* [REQUIRED ACTION] The answer must consist of every line in the records below that contains the string "Peter".

* [SUPPLIED DATA]
_____

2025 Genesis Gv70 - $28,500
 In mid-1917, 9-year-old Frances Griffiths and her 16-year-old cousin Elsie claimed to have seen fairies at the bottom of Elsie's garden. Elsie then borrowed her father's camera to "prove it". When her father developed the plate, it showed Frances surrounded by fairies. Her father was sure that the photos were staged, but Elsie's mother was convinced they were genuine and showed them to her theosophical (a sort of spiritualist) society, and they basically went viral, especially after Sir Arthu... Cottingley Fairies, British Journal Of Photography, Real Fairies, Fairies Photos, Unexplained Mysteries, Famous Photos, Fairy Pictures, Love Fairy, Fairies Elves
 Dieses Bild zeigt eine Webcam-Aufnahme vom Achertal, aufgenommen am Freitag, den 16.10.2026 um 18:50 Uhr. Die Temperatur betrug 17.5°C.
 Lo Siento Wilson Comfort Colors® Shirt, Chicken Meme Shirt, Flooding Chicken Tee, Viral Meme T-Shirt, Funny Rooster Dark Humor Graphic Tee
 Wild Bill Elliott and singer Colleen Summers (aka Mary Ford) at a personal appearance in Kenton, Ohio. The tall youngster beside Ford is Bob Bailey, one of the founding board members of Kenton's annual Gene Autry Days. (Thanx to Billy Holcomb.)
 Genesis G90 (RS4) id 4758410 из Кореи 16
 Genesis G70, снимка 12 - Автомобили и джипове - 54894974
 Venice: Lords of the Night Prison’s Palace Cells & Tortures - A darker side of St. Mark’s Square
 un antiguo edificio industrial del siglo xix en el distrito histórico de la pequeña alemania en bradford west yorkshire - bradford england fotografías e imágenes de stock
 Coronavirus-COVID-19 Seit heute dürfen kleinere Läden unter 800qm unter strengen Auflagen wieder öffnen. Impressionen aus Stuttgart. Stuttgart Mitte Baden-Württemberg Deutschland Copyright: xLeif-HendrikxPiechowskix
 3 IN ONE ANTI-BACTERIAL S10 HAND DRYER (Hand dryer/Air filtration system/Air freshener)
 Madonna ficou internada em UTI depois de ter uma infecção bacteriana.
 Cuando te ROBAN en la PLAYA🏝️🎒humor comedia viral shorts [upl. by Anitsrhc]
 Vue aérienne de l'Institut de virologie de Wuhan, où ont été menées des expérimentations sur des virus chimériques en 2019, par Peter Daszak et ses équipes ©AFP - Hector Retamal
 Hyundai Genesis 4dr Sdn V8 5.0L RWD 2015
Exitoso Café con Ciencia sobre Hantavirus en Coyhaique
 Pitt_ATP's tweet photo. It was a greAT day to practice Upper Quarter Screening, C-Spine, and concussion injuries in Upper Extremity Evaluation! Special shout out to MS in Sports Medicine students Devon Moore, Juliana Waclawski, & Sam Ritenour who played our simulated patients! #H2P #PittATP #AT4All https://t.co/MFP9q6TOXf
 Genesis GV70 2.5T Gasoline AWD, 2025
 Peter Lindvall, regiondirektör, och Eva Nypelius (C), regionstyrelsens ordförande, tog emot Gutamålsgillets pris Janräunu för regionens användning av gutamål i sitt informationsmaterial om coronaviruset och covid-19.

_____

* [ANSWER SPACE]
 Vue aérienne de l'Institut de virologie de Wuhan, où ont été menées des expérimentations sur des virus chimériques en 2019, par Peter Daszak et ses équipes ©AFP - Hector Retamal
 Peter Lindvall, regiondirektör, och Eva Nypelius (C), regionstyrelsens ordförande, tog emot Gutamålsgillets pris Janräunu för regionens användning av gutamål i sitt informationsmaterial om coronaviruset och covid-19.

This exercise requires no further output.